How to create a byte out of 8 bool values (and vice versa)?

Question

I have 8 bool variables, and I want to "merge" them into a byte.

Is there an easy/preferred method to do this?

How about the other way around, decoding a byte into 8 separate boolean values?

I come in assuming it's not an unreasonable question, but since I couldn't find relevant documentation via Google, it's probably another one of those "nonono all your intuition is wrong" cases.

Answer 1

The hard way:

unsigned char ToByte(bool b[8]) {     unsigned char c = 0;     for (int i=0; i < 8; ++i)         if (b[i])             c |= 1 << i;     return c; } 

And:

void FromByte(unsigned char c, bool b[8]) {     for (int i=0; i < 8; ++i)         b[i] = (c & (1<<i)) != 0; } 

Or the cool way:

struct Bits {     unsigned b0:1, b1:1, b2:1, b3:1, b4:1, b5:1, b6:1, b7:1; }; union CBits {     Bits bits;     unsigned char byte; }; 

Then you can assign to one member of the union and read from another. But note that the order of the bits in Bits is implementation defined.

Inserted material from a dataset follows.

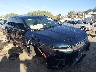 3C4RJNAK6ST****** Salvage and Repairable 2025 Jeep Wagoneer S in West Virginia State
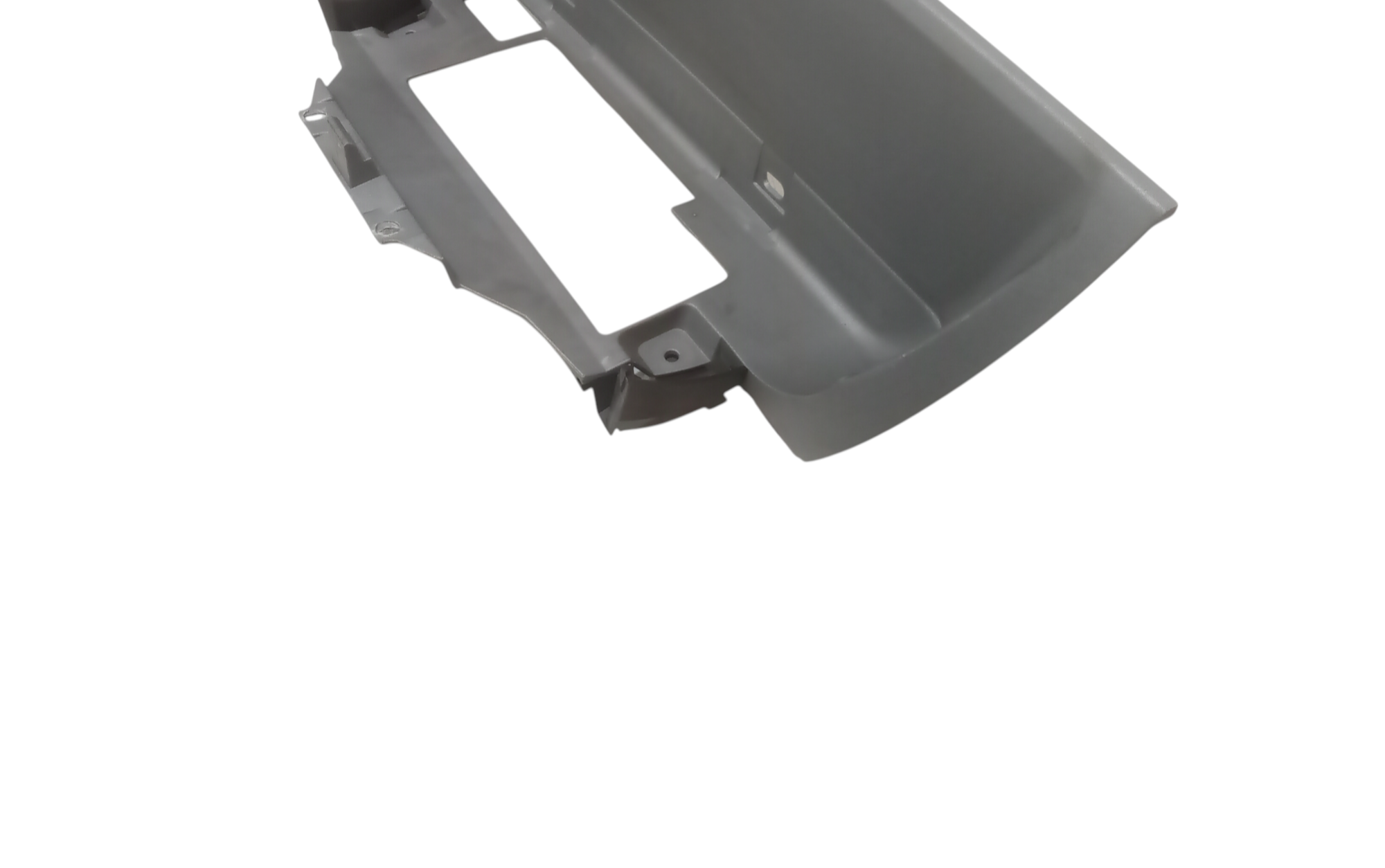 Cover quadro strumenti per Fiat Ulysse 3 Serie (2002 - 2008)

Note that reading one union member after writing another is well-defined in ISO C99, and as an extension in several major C++ implementations (including MSVC and GNU-compatible C++ compilers), but is Undefined Behaviour in ISO C++. memcpy or C++20 std::bit_cast are the safe ways to type-pun in portable C++.

(Also, the bit-order of bitfields within a char is implementation defined, as is possible padding between bitfield members.)